Como exposición del carácter del Fujimori que adoptaba decisiones audaces con resolución corajuda, el libro cumple su cometido, pero conviene señalar que el autor señala que su obra “es incompleta, fragmentaria, inconcluyente; rechaza ser ‘verdadera’ y ‘completa’” porque omite unos episodios, aborda otros en líneas livianas y pondera “de manera discutible lo que es importante”. Esta declaración trae a la memoria que el libro no considera con detalle entre sus temas situaciones muy controversiales como el control político fáctico e ilegítimo de aparatos del Estado para servir intereses políticos de coyuntura. Una omisión notoria que se advierte también en el abordaje del asunto de la corrupción durante la presidencia de Fujimori; al respecto el libro no presenta más contenidos que una exposición muy sucinta y tangencial de los “grupos de poder” encumbrados en el gobierno desde 1996, y el feo asunto del tráfico de armas para las FARC de Colombia. Empero, en la sección “El mito de ‘la gran corrupción’” el libro presenta elementos de juicio inobjetables que diluyen imputaciones de corrupción sobre la persona de Fujimori, porque no existen evidencias al respecto y ni siquiera denuncias a 23 años de terminado su gobierno.

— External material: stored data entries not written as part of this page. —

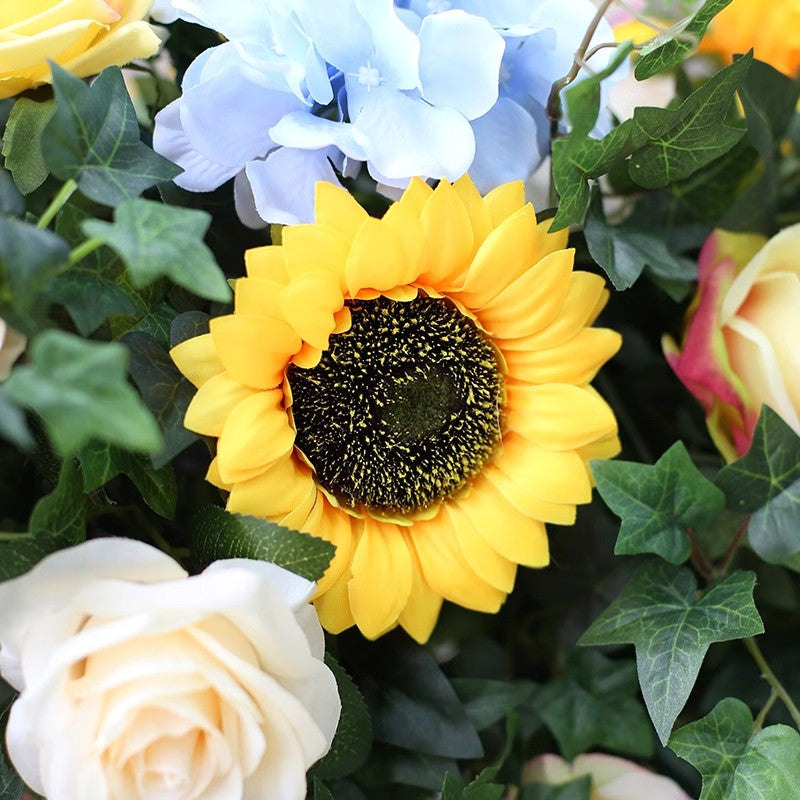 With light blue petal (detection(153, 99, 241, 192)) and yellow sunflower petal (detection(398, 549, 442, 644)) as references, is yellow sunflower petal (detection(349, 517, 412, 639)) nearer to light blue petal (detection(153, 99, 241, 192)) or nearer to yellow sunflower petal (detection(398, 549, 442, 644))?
yellow sunflower petal (detection(398, 549, 442, 644))

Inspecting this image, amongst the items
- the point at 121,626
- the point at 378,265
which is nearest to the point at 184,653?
the point at 121,626

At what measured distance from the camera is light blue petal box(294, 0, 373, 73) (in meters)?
0.34

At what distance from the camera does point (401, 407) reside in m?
0.41

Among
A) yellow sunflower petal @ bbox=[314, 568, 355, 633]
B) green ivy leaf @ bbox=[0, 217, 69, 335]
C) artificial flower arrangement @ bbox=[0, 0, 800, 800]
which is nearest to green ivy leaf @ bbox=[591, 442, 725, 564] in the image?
artificial flower arrangement @ bbox=[0, 0, 800, 800]

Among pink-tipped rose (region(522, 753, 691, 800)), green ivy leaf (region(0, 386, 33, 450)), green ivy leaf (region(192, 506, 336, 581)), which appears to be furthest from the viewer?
pink-tipped rose (region(522, 753, 691, 800))

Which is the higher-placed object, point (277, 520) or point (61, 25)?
point (61, 25)

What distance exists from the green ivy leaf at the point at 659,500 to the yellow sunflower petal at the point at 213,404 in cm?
13

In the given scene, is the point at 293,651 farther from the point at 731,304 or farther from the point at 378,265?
the point at 731,304

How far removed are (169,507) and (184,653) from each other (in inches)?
2.7

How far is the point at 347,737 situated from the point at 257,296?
0.17 m

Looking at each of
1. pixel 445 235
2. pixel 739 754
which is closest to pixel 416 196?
pixel 445 235

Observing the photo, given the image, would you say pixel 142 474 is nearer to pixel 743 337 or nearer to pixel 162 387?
pixel 162 387

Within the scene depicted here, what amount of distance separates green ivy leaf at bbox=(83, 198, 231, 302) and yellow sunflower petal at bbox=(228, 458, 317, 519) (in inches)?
3.8

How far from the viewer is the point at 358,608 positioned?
14.5 inches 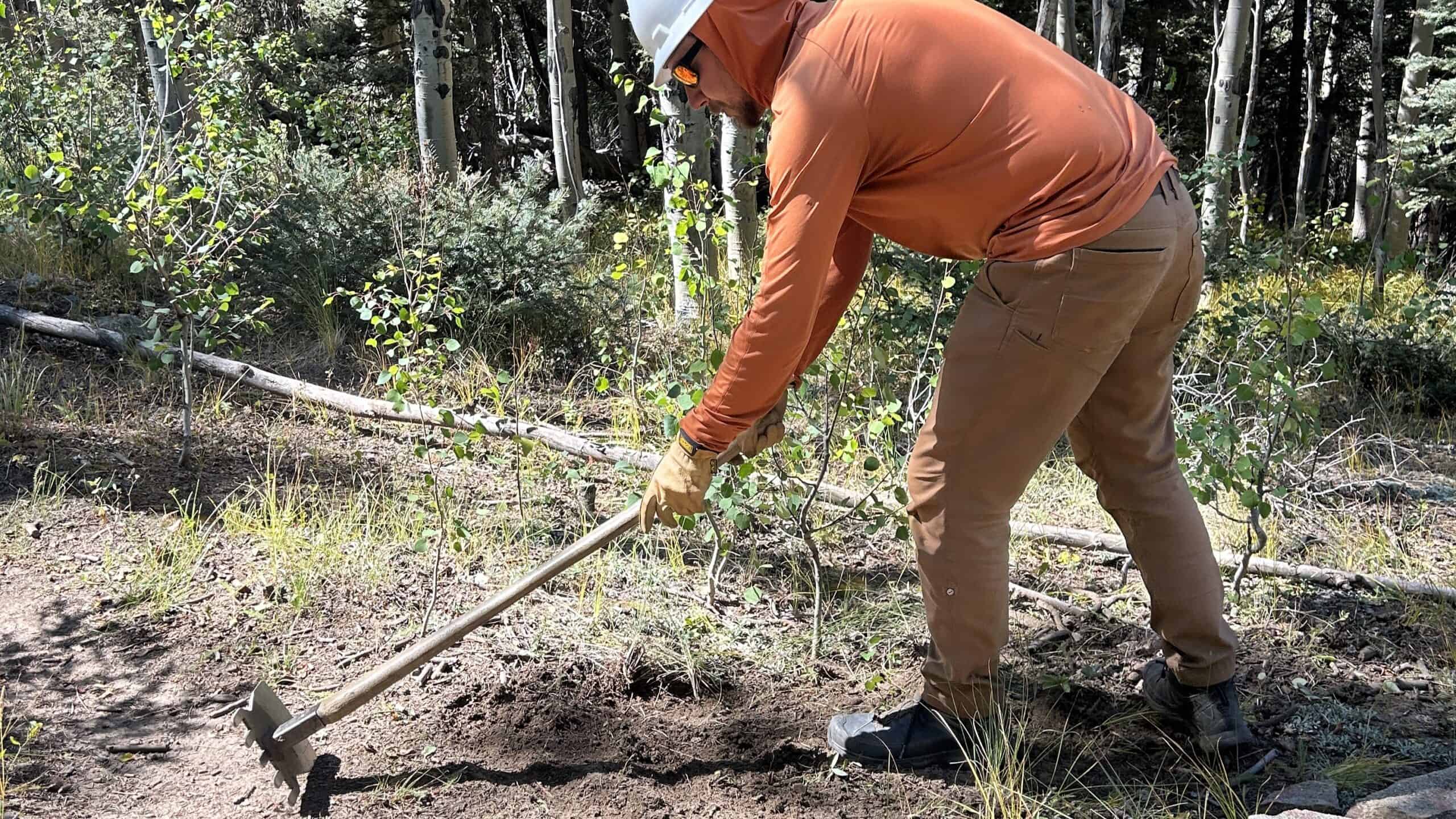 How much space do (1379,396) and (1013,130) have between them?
473 centimetres

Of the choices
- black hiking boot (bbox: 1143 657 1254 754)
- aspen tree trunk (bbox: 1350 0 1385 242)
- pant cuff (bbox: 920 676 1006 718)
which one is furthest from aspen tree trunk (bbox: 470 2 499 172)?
black hiking boot (bbox: 1143 657 1254 754)

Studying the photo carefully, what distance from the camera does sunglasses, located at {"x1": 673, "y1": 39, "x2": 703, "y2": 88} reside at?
2080mm

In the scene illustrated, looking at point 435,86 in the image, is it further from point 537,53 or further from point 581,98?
point 537,53

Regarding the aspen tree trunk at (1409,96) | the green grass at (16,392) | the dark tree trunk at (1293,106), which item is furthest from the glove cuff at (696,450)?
the dark tree trunk at (1293,106)

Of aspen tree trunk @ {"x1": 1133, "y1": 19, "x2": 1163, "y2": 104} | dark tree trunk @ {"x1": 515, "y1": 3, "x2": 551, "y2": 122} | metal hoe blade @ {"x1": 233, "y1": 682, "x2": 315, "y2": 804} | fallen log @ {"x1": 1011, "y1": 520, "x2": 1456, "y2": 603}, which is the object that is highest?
aspen tree trunk @ {"x1": 1133, "y1": 19, "x2": 1163, "y2": 104}

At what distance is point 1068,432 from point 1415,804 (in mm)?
1014

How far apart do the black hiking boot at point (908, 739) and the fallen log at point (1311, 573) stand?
3.12 ft

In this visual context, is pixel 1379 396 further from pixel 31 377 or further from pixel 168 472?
pixel 31 377

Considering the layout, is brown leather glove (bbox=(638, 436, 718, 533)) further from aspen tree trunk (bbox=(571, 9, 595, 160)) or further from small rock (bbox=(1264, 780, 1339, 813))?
aspen tree trunk (bbox=(571, 9, 595, 160))

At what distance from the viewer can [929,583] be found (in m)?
2.34

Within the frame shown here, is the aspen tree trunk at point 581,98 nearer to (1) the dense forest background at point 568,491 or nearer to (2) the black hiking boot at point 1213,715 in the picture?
(1) the dense forest background at point 568,491

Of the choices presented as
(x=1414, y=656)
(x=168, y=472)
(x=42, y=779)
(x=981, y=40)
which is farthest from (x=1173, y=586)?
(x=168, y=472)

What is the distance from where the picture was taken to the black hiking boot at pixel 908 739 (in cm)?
253

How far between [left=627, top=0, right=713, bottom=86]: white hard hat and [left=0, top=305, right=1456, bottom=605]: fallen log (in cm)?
133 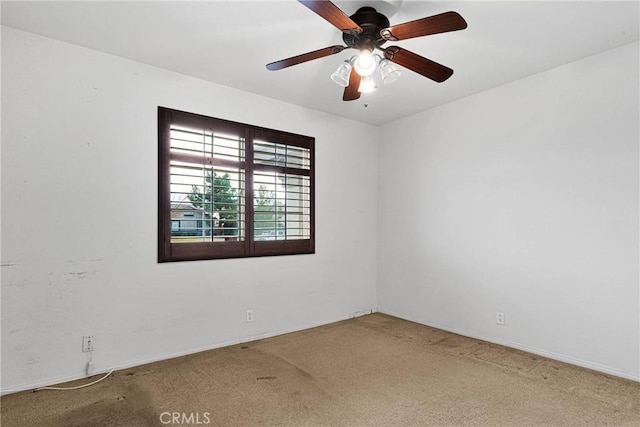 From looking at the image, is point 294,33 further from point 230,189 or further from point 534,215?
point 534,215

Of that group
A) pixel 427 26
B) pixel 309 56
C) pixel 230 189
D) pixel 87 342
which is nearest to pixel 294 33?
pixel 309 56

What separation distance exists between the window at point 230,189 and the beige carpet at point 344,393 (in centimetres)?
109

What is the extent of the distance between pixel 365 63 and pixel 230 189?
192 cm

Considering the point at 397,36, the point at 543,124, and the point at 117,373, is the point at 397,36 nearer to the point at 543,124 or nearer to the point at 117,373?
the point at 543,124

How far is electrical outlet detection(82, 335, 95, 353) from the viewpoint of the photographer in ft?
9.11

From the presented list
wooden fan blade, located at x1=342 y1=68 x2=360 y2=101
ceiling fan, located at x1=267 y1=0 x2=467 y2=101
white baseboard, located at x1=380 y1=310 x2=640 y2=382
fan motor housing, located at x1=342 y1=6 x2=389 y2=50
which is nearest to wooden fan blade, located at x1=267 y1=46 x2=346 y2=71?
ceiling fan, located at x1=267 y1=0 x2=467 y2=101

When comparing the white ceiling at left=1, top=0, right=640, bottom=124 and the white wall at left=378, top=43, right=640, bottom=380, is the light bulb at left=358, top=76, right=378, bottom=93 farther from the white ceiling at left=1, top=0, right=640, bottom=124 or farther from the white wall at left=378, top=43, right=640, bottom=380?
the white wall at left=378, top=43, right=640, bottom=380

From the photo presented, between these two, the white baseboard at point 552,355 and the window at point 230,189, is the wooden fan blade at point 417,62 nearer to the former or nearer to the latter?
the window at point 230,189

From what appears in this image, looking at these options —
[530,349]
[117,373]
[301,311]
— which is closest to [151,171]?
[117,373]

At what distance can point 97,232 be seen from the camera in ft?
9.42

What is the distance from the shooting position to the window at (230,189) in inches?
128

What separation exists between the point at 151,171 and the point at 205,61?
3.53 feet

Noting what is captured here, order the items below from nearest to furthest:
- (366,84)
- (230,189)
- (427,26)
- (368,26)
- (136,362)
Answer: (427,26) → (368,26) → (366,84) → (136,362) → (230,189)

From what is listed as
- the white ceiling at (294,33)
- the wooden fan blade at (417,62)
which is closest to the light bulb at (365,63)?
the wooden fan blade at (417,62) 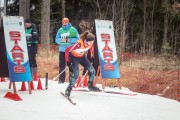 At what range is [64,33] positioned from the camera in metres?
13.4

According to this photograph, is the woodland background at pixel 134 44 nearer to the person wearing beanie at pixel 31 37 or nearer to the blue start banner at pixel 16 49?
the person wearing beanie at pixel 31 37

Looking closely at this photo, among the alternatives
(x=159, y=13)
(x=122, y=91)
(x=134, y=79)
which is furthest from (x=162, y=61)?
(x=159, y=13)

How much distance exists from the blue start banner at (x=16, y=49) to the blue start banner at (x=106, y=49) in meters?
2.52

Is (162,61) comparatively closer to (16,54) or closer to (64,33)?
(64,33)

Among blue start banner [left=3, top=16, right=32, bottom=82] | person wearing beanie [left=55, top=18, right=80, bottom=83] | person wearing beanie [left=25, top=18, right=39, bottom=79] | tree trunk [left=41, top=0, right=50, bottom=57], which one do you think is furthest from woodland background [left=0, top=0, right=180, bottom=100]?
blue start banner [left=3, top=16, right=32, bottom=82]

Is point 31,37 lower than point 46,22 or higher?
lower

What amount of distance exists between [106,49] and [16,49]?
3.03 meters

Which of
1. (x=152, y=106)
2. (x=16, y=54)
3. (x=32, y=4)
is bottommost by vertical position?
(x=152, y=106)

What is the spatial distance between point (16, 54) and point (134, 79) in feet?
17.2

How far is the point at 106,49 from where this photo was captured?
1283 centimetres

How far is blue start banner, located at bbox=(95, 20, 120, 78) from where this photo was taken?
41.6ft

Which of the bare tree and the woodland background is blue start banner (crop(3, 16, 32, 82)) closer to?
the woodland background

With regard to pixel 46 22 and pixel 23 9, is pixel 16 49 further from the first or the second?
pixel 46 22

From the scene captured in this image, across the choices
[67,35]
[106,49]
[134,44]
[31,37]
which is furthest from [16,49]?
[134,44] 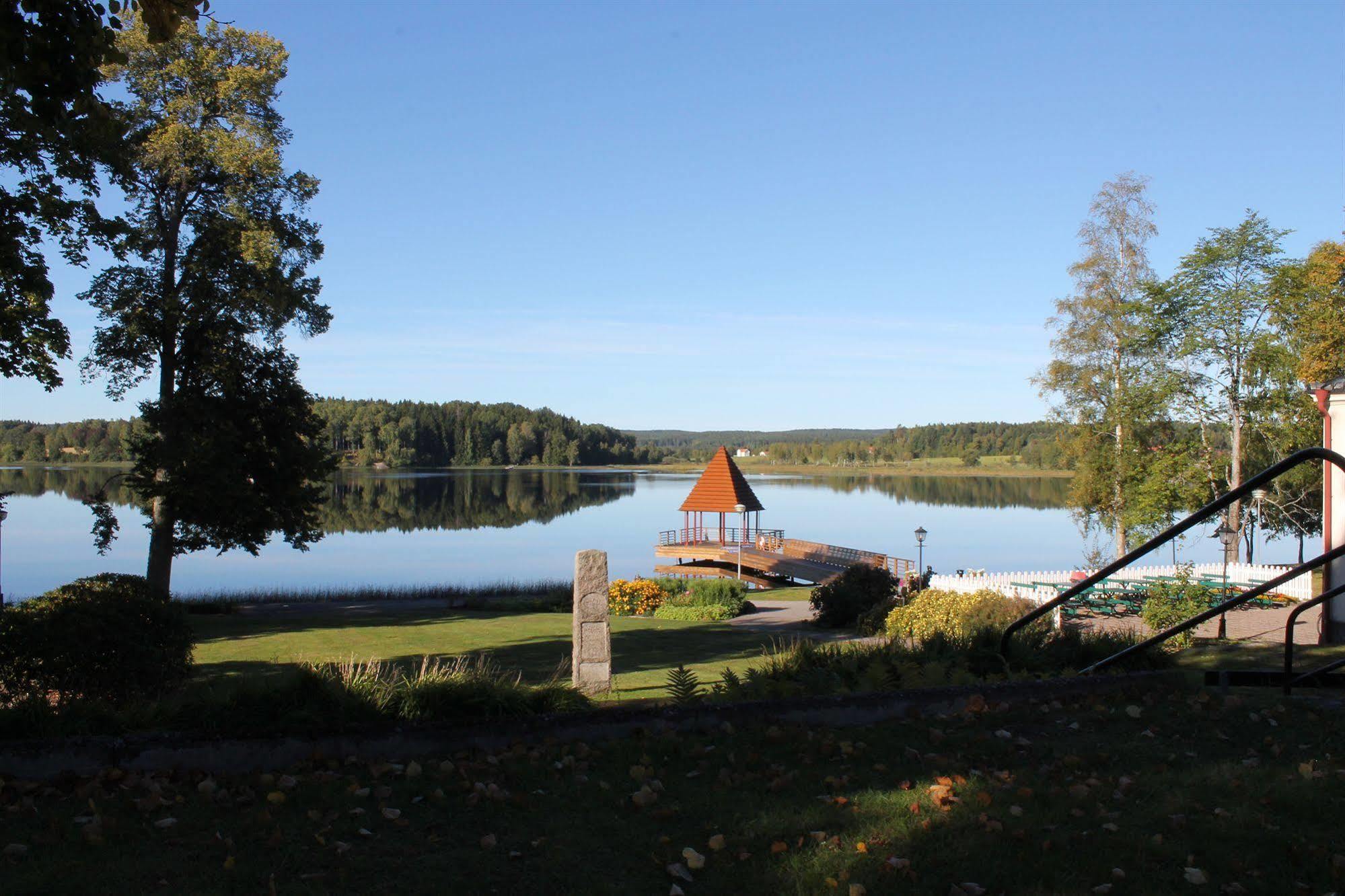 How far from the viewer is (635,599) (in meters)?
24.9

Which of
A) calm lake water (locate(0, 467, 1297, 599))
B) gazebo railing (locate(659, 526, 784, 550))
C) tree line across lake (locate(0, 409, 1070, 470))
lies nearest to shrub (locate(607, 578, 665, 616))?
calm lake water (locate(0, 467, 1297, 599))

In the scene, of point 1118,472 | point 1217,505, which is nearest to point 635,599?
point 1118,472

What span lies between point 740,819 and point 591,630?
6.29 m

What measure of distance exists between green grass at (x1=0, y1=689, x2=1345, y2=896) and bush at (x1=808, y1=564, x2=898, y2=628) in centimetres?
1530

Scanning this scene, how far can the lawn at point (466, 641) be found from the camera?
1402cm

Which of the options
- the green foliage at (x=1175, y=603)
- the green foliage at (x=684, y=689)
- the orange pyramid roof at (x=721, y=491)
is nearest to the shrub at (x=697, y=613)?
the green foliage at (x=1175, y=603)

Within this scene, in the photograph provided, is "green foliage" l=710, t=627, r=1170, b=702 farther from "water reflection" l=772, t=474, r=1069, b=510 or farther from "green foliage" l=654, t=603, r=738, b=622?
"water reflection" l=772, t=474, r=1069, b=510

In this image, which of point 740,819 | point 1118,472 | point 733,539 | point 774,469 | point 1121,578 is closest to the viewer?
point 740,819

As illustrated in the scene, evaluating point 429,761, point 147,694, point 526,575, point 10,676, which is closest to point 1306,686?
point 429,761

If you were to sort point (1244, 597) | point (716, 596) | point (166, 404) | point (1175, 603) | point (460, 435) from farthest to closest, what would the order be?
point (460, 435), point (716, 596), point (166, 404), point (1175, 603), point (1244, 597)

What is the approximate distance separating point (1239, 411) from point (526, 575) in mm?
26091

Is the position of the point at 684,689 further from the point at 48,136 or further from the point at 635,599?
the point at 635,599

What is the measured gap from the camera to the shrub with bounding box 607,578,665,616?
24625 mm

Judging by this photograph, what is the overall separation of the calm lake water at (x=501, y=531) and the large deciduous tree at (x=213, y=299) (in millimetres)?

“La otra memoria” cierra con una suerte de ensayo del autor sobre el odio político en el Perú republicano, centrado en señalar al “civilismo” tantas veces redivivo como el agente de esa pasión malsana o sentimiento intenso de repulsa, del que dice el autor -citando a Freud- es un estado del “yo” que desea destruir la fuente de su infelicidad causada por lo que se considera un agravio recibido. El odio político, que es presentado por el autor en su derrotero histórico hasta el presente y que se ha cebado en las figuras que en ese tiempo largo actuaron como “parteaguas” en la vida política de nuestro país: Leguía, Haya de la Torre, Velasco y Fujimori en el siglo pasado. La razón expuesta de ese odio político innegable y de larga duración contra esos personajes es, para el autor, el sentimiento civilista de saberse despojados por tiempos del poder político que acompañaba a su poder económico que les permitía considerarse “los dueños del país”. Leguía, Velasco y Fujimori, cada cual en su tiempo y a su manera, crearon una nueva clase política que materializó ese despojo y el odio consecuente de los afectados, aunque los civilistas (oligárquicos) nunca perdieron su poder económico. Haya amenazó hacer lo propio con su doctrina y la fuerza del partido aprista, y fue también sujeto del odio civilista que instrumentó incluso a los militares. Rodríguez esboza bien y en breve el derrotero del civilismo como agente del odio político, que tiene avatares sucesivos cambiando de nombre, pero no de naturaleza hasta los “caviares” de hoy en día.
Es cuando el lector ha terminado de leer el libro que alcanza a comprender que el autor haya citado en página preliminar estas líneas del poeta Percy Shelley: “Mi nombre es Ozymandias, el gran rey. ¡Contemplad mi obra, poderosos, y desesperad!”